La política siempre es pendular, como la mayoría de las cosas. Es lo que Hegel describió como el proceso dialéctico que permite que avancemos y superemos etapas. El progreso se alcanza a través del enfrentamiento de los contrarios. En la Unión Europa, por no decir en todo el mundo, viene ocurriendo lo mismo. Así, tras los desastres de los nacionalismos, que llevaron a Europa al enfrentamiento bélico de la Segunda Guerra Mundial, comenzó una etapa en la que los líderes del continente abogaban por la integración económica de la Europa democrática. Fue la etapa en que se inició el Mercado Común. Esa asociación con meros fines mercantilistas sirvió para mover la conciencia social de los europeos, que desearon una unión más firme y social. Nacía lo que se ha dado en llamar la Europa de los ciudadanos.

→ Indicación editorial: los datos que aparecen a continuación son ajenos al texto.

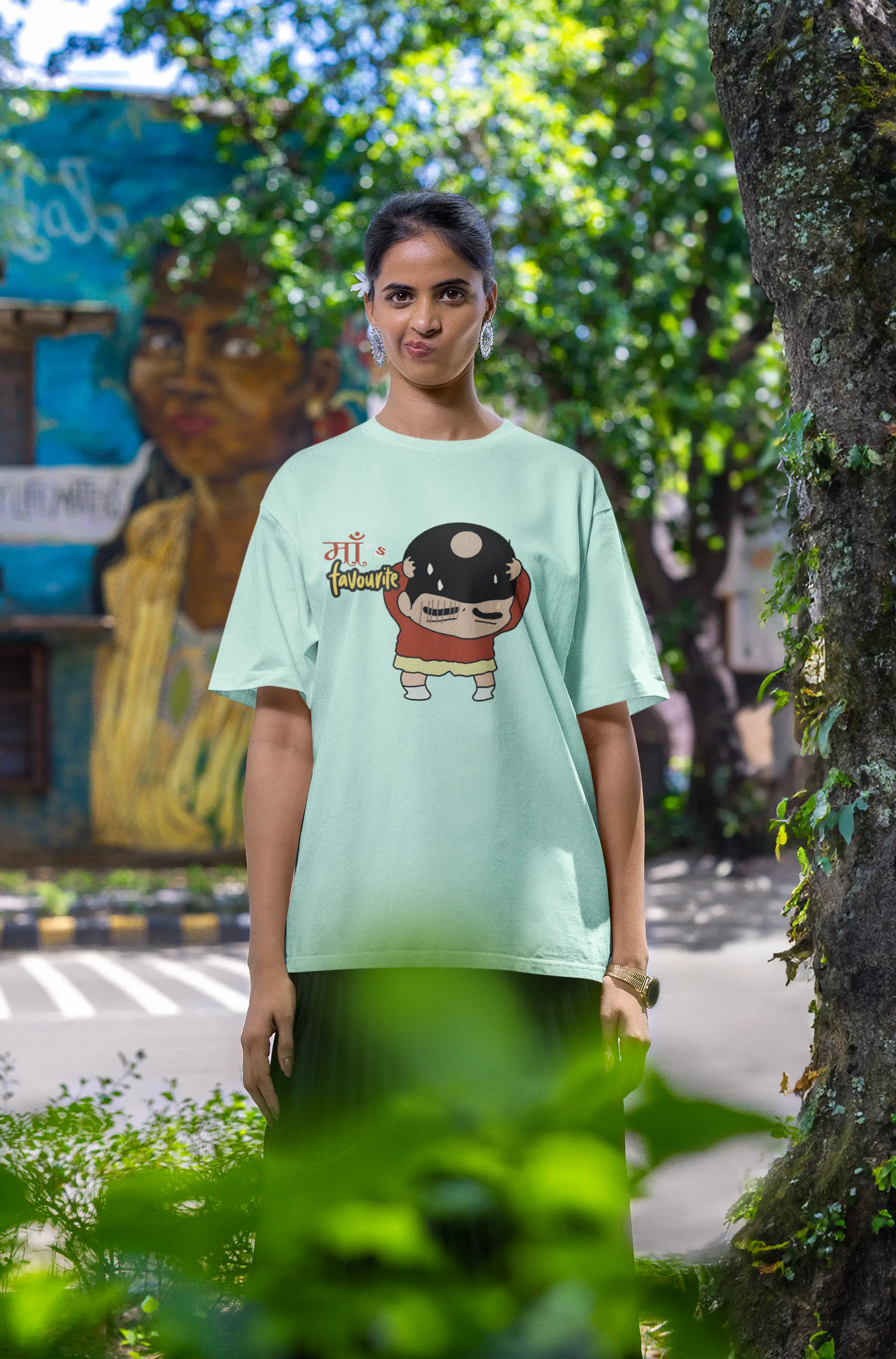 Fourth front view of female model wearing a mint green oversized tee featuring Shinchan with a classic bump on his head. A perfect blend of humor and nostalgia for Shinchan fans.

La idea de una unión confederal produjo el pánico en algunos gobiernos, tal como ocurrió con el Reino Unido, que renunció primero a la unión monetaria y después a su permanencia.

Los euroescépticos saben que con un proyecto europeo unificador no podrían ejercer su dominio territorial, porque las instituciones europeas asumirían competencias fundamentales de los Estados (además de la moneda, la defensa, la política exterior, la capacidad impositiva, etc.), de ahí que los movimientos ultraconservadores prefieran impedir el poder centralizado de la Unión Europea.

Esta es la tendencia que parece imponerse ahora en Europa. La europeidad, que durante muchos años se ha tenido como un afán de los europeos, ha perdido el poder de impulsar un proyecto común, por lo que probablemente en las próximas elecciones los partidos contrarios a la Unión experimenten un avance, crecimiento acompasado por el auge de los populistas y xenófobos. Por su parte, los nacionalismos supremacistas continuarán queriendo imponer su ideología en Europa. Cataluña no es un caso aislado.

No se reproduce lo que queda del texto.